**WORK TO BE COMPLETED**
Could you retype exactly the lines below between the one holding "鱼塘防渗膜补漏胶带防水土工膜专用胶带水管破裂V蓄水池补漏胶纸" and the one holding "欧洲直邮DIOR（迪奥）Cardigan brode Dioramour羊绒针织开衫", inclusive, leaving out any pictures?

**PROVIDED MATERIAL**

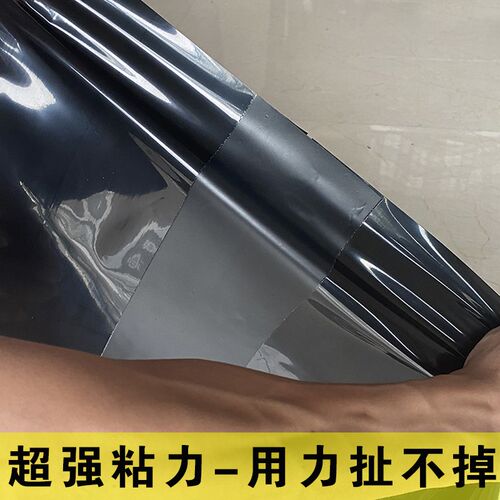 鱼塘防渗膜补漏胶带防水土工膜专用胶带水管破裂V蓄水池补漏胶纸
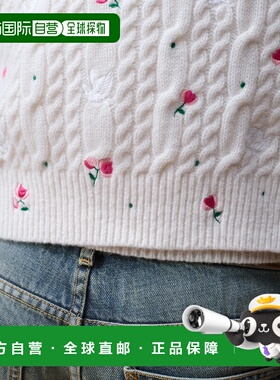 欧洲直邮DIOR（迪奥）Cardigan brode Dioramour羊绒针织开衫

...

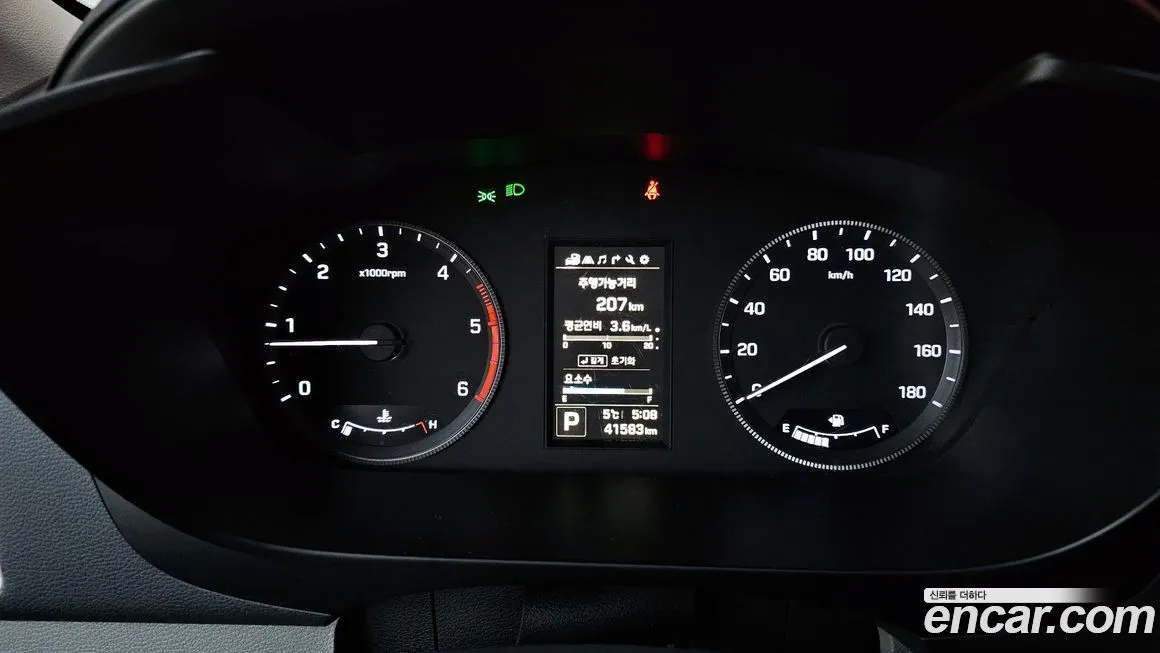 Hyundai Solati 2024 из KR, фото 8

* * *

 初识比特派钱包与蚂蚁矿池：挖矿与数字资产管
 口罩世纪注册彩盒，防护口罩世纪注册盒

**EXERCISE OUTPUT**
 鱼塘防渗膜补漏胶带防水土工膜专用胶带水管破裂V蓄水池补漏胶纸
 欧洲直邮DIOR（迪奥）Cardigan brode Dioramour羊绒针织开衫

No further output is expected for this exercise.